カメルーンの森林で生育するカカオの木 写真:テリー・サンダーランド |
もちろん森林は、ミツバチなどの受粉媒介者などを始めとする、従来の作物生産に欠かせない生態系サービスを提供する。
マクムリン氏と報告書の共著者らによれば、アグロフォレストリーを、その10パーセント以上が樹木でおおわれている農地、と定義した場合、世界全体の農地の43パーセント以上が、これに当てはまるという。特に顕著なのは、中央アメリカ、南アメリカ、東南アジアで、これらの地では全農地の半分以上がアグロフォレストリーと考えられている。
結局のところ、共同体による森林管理の欠如や、そしてもちろん伐採により、森林の食糧安全保障の強化能力は制限されてしまう。多くの国では、森林管理の権限は、様々な政府機関と行政管轄区に分断された状態となっている。
「樹木産物や樹木の機能を食糧安全保障や栄養と結び付ける、複雑で重複し相互に関連し合うプロセスは、現在地球的レベルでも、国々のレベルでも、林業、農業、食糧あるいは栄養と関連した戦略に適切に反映されていない」と、報告書の著者らは述べている。これにより、農耕地と森林は行き過ぎた破壊を受け、その生産性が制限を受けている。
気候変動もまた、アグロフォレストリーの生産性および従来の農業の両方に対する脅威となっている。
「大規模な作物生産は、異常気象現象にきわめて脆弱ですが、そうした異常気象は気候変動によってより頻繁に起こるようになります。科学的知見によれば、樹木に基礎を置いた農業は、そのような災害に対し、はるかに良く順応できます」。報告書を書いた様々な研究者からなる国際森林研究機関連合(IUFRO)の全地球森林専門家パネル戦略のコーディネーター、クリストフ・ウィルドバーガー氏はプレスリリースの中でこう述べた。
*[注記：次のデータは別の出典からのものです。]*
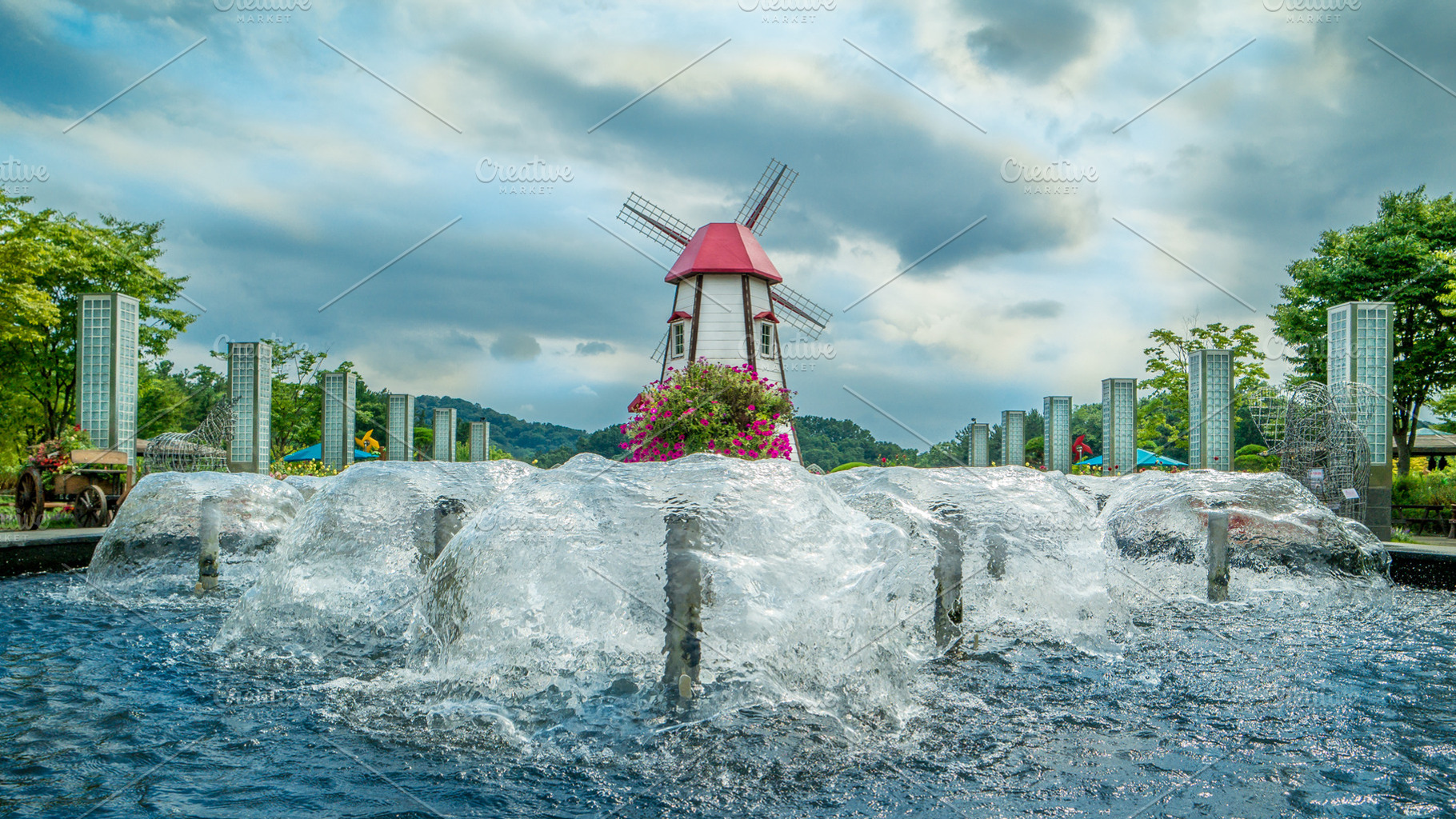 Street park with fountain and windmill in Daejeon South Korea, horizontal, a Nature Photo by iuliia_n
「私たちはすでに、森林が気候変動の影響を緩和するうえで重要なことを知っています。この報告書は、さらに森林が、飢餓を緩和し、栄養状態を改善するうえでも大切であることを明確に示しています」
引用:
- Vira, B., Wildburger, C., Mansourian, S., eds. (2015). Forests, Trees and Landscapes for Food Security and Nutrition. IUFRO World Series Volume 33.